An Overview of Hong Kong Action Cinema
Hong Kong action cinema is the principal source of the Hong Kong film industry's global fame. It combines elements from the action film, as codified by Hollywood, with Chinese storytelling and aesthetic traditions, to create a culturally distinctive form that nevertheless has a wide transcultural appeal. In recent years, the flow has reversed somewhat, with American and European action films being heavily influenced by Hong Kong genre conventions.
The first Hong Kong action films favoured the wuxia style, emphasizing mysticism and swordplay, but this trend was politically suppressed in the 1930s and replaced by styles in which films depicted more down-to-earth unarmed kung fu, often featuring folk hero Wong Fei Hung. Post-war cultural upheavals led to a second wave of wuxia films with highly acrobatic violence, followed by the emergence of the grittier kung fu films for which the Shaw Brothers studio became best known. The 1970s saw the rise and sudden death of international superstar Bruce Lee. He was succeeded in the 1980s by Jackie Chan—who popularised the use of comedy, dangerous stunts, and modern urban settings in action films—and Jet Li, whose authentic wushu skills appealed to both eastern and western audiences. The innovative work of directors and producers like Tsui Hark and John Woo introduced further variety (for example, gunplay, triads and the supernatural). An exodus by many leading figures to Hollywood in the 1990s coincided with a downturn in the industry.
Early martial arts films
The Swordswoman of Huangjiang (1930) co-starring Chen Zhi-gong.
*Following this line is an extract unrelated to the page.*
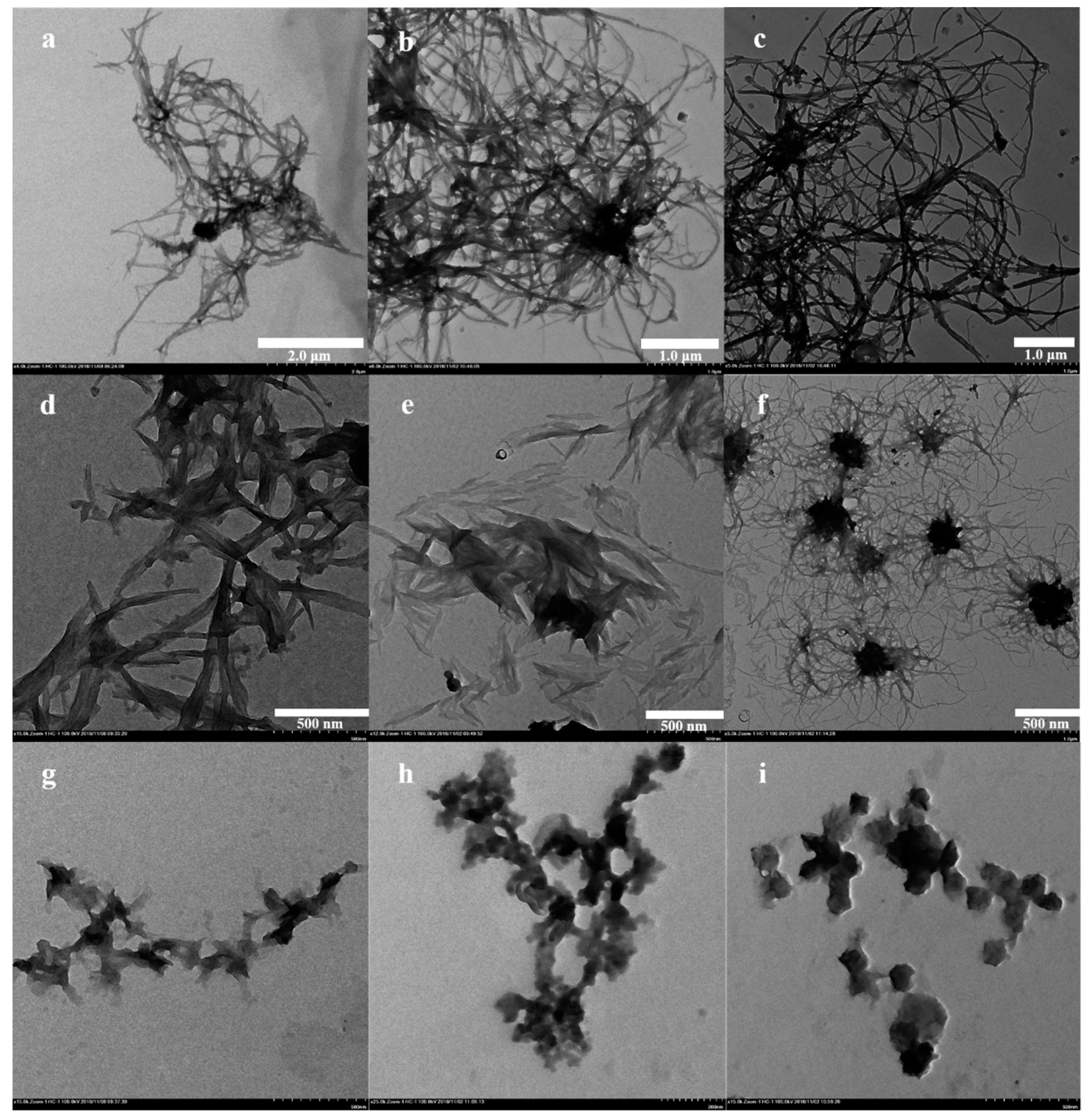 Polymers 11 01143 g009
The boom came to an end in the 1930s, caused by official opposition from cultural and political elites, especially the Kuomintang government, who saw it as promoting superstition and violent anarchy.Wuxia filmmaking was picked up in Hong Kong, at the time a British colony with a highly liberal economy and culture and a developing film industry. The first martial arts film in Cantonese, the dominant Chinese spoken language of Hong Kong, was The Adorned Pavilion (1938).
Scene from the wuxia film Buddha's Palm (1964). The magic qi rays are created using crude hand-drawn animation.
By the late 1940s, upheavals in mainland China—the Second Sino-Japanese War, the Chinese Civil War, and the victory of the Communist Party of China—had shifted the centre of Chinese language filmmaking to Hong Kong. The industry continued the wuxia tradition in Cantonese B movies and serials, although the more prestigious Mandarin-language cinema generally ignored the genre. Animation and special effects drawn directly on the film by hand were used to simulate the flying abilities and other preternatural powers of characters; later titles in the cycle included The Six-Fingered Lord of the Lute (1965) and Sacred Fire, Heroic Wind (1966).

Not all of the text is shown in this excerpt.